>>>>
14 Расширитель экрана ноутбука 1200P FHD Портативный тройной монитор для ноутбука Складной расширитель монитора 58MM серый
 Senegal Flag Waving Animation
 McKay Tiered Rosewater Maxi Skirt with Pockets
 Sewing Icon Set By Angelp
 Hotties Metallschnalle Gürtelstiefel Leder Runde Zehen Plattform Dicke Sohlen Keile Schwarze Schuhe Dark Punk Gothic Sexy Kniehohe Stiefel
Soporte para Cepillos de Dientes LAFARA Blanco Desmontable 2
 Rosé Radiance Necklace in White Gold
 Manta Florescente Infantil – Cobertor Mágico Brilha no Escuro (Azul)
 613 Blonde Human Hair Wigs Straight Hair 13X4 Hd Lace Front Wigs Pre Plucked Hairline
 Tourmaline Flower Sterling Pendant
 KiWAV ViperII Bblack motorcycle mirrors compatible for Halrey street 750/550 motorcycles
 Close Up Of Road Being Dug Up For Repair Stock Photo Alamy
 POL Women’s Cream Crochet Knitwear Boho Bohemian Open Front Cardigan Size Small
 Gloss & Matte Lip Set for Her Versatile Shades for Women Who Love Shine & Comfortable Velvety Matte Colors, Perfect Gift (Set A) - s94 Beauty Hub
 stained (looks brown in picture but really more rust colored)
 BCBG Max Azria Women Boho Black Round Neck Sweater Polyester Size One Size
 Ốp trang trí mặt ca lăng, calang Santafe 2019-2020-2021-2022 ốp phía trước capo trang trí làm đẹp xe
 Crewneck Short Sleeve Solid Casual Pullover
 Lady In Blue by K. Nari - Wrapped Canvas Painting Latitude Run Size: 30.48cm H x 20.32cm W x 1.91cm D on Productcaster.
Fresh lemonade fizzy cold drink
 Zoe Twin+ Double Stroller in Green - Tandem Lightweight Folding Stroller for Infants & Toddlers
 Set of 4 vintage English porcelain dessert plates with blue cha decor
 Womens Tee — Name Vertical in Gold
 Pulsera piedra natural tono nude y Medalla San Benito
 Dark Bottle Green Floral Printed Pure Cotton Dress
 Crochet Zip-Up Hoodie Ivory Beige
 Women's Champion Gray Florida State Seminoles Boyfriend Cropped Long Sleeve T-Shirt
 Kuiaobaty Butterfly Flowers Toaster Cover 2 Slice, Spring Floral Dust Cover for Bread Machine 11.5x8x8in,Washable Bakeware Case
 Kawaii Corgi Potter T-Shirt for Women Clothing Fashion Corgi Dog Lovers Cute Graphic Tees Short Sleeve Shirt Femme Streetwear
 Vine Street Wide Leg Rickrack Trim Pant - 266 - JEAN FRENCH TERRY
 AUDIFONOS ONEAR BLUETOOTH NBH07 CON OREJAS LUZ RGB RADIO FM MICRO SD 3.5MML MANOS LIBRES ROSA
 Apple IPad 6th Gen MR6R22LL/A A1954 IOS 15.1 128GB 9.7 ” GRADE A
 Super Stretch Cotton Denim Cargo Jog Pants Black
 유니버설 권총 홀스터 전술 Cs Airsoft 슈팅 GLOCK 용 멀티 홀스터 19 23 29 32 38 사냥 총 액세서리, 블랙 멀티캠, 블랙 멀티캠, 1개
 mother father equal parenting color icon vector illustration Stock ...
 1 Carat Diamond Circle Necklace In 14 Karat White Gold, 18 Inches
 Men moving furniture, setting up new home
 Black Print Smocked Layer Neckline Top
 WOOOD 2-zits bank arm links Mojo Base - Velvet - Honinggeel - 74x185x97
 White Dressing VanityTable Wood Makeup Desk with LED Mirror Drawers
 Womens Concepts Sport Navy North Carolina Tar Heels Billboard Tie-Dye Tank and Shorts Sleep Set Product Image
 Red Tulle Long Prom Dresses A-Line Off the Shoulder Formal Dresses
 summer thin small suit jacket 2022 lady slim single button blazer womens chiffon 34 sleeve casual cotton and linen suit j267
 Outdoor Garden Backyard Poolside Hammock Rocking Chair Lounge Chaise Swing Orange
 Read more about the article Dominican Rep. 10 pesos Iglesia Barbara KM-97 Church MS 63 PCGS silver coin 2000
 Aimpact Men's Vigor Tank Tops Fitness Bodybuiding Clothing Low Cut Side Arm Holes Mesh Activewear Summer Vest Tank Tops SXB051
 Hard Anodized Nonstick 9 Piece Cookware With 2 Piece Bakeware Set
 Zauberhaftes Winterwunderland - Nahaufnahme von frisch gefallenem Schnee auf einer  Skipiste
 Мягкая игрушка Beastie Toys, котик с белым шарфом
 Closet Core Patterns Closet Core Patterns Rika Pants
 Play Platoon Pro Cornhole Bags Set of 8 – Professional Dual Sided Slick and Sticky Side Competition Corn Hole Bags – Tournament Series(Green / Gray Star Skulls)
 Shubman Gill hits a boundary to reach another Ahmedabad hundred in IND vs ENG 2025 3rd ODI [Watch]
<<<<
PROBLEM REQUIREMENTS -> Copy out the material above in its entirety. Every detail must match.

ANSWER TO THE EXERCISE ->
14 Расширитель экрана ноутбука 1200P FHD Портативный тройной монитор для ноутбука Складной расширитель монитора 58MM серый
 Senegal Flag Waving Animation
 McKay Tiered Rosewater Maxi Skirt with Pockets
 Sewing Icon Set By Angelp
 Hotties Metallschnalle Gürtelstiefel Leder Runde Zehen Plattform Dicke Sohlen Keile Schwarze Schuhe Dark Punk Gothic Sexy Kniehohe Stiefel
Soporte para Cepillos de Dientes LAFARA Blanco Desmontable 2
 Rosé Radiance Necklace in White Gold
 Manta Florescente Infantil – Cobertor Mágico Brilha no Escuro (Azul)
 613 Blonde Human Hair Wigs Straight Hair 13X4 Hd Lace Front Wigs Pre Plucked Hairline
 Tourmaline Flower Sterling Pendant
 KiWAV ViperII Bblack motorcycle mirrors compatible for Halrey street 750/550 motorcycles
 Close Up Of Road Being Dug Up For Repair Stock Photo Alamy
 POL Women’s Cream Crochet Knitwear Boho Bohemian Open Front Cardigan Size Small
 Gloss & Matte Lip Set for Her Versatile Shades for Women Who Love Shine & Comfortable Velvety Matte Colors, Perfect Gift (Set A) - s94 Beauty Hub
 stained (looks brown in picture but really more rust colored)
 BCBG Max Azria Women Boho Black Round Neck Sweater Polyester Size One Size
 Ốp trang trí mặt ca lăng, calang Santafe 2019-2020-2021-2022 ốp phía trước capo trang trí làm đẹp xe
 Crewneck Short Sleeve Solid Casual Pullover
 Lady In Blue by K. Nari - Wrapped Canvas Painting Latitude Run Size: 30.48cm H x 20.32cm W x 1.91cm D on Productcaster.
Fresh lemonade fizzy cold drink
 Zoe Twin+ Double Stroller in Green - Tandem Lightweight Folding Stroller for Infants & Toddlers
 Set of 4 vintage English porcelain dessert plates with blue cha decor
 Womens Tee — Name Vertical in Gold
 Pulsera piedra natural tono nude y Medalla San Benito
 Dark Bottle Green Floral Printed Pure Cotton Dress
 Crochet Zip-Up Hoodie Ivory Beige
 Women's Champion Gray Florida State Seminoles Boyfriend Cropped Long Sleeve T-Shirt
 Kuiaobaty Butterfly Flowers Toaster Cover 2 Slice, Spring Floral Dust Cover for Bread Machine 11.5x8x8in,Washable Bakeware Case
 Kawaii Corgi Potter T-Shirt for Women Clothing Fashion Corgi Dog Lovers Cute Graphic Tees Short Sleeve Shirt Femme Streetwear
 Vine Street Wide Leg Rickrack Trim Pant - 266 - JEAN FRENCH TERRY
 AUDIFONOS ONEAR BLUETOOTH NBH07 CON OREJAS LUZ RGB RADIO FM MICRO SD 3.5MML MANOS LIBRES ROSA
 Apple IPad 6th Gen MR6R22LL/A A1954 IOS 15.1 128GB 9.7 ” GRADE A
 Super Stretch Cotton Denim Cargo Jog Pants Black
 유니버설 권총 홀스터 전술 Cs Airsoft 슈팅 GLOCK 용 멀티 홀스터 19 23 29 32 38 사냥 총 액세서리, 블랙 멀티캠, 블랙 멀티캠, 1개
 mother father equal parenting color icon vector illustration Stock ...
 1 Carat Diamond Circle Necklace In 14 Karat White Gold, 18 Inches
 Men moving furniture, setting up new home
 Black Print Smocked Layer Neckline Top
 WOOOD 2-zits bank arm links Mojo Base - Velvet - Honinggeel - 74x185x97
 White Dressing VanityTable Wood Makeup Desk with LED Mirror Drawers
 Womens Concepts Sport Navy North Carolina Tar Heels Billboard Tie-Dye Tank and Shorts Sleep Set Product Image
 Red Tulle Long Prom Dresses A-Line Off the Shoulder Formal Dresses
 summer thin small suit jacket 2022 lady slim single button blazer womens chiffon 34 sleeve casual cotton and linen suit j267
 Outdoor Garden Backyard Poolside Hammock Rocking Chair Lounge Chaise Swing Orange
 Read more about the article Dominican Rep. 10 pesos Iglesia Barbara KM-97 Church MS 63 PCGS silver coin 2000
 Aimpact Men's Vigor Tank Tops Fitness Bodybuiding Clothing Low Cut Side Arm Holes Mesh Activewear Summer Vest Tank Tops SXB051
 Hard Anodized Nonstick 9 Piece Cookware With 2 Piece Bakeware Set
 Zauberhaftes Winterwunderland - Nahaufnahme von frisch gefallenem Schnee auf einer  Skipiste
 Мягкая игрушка Beastie Toys, котик с белым шарфом
 Closet Core Patterns Closet Core Patterns Rika Pants
 Play Platoon Pro Cornhole Bags Set of 8 – Professional Dual Sided Slick and Sticky Side Competition Corn Hole Bags – Tournament Series(Green / Gray Star Skulls)
 Shubman Gill hits a boundary to reach another Ahmedabad hundred in IND vs ENG 2025 3rd ODI [Watch]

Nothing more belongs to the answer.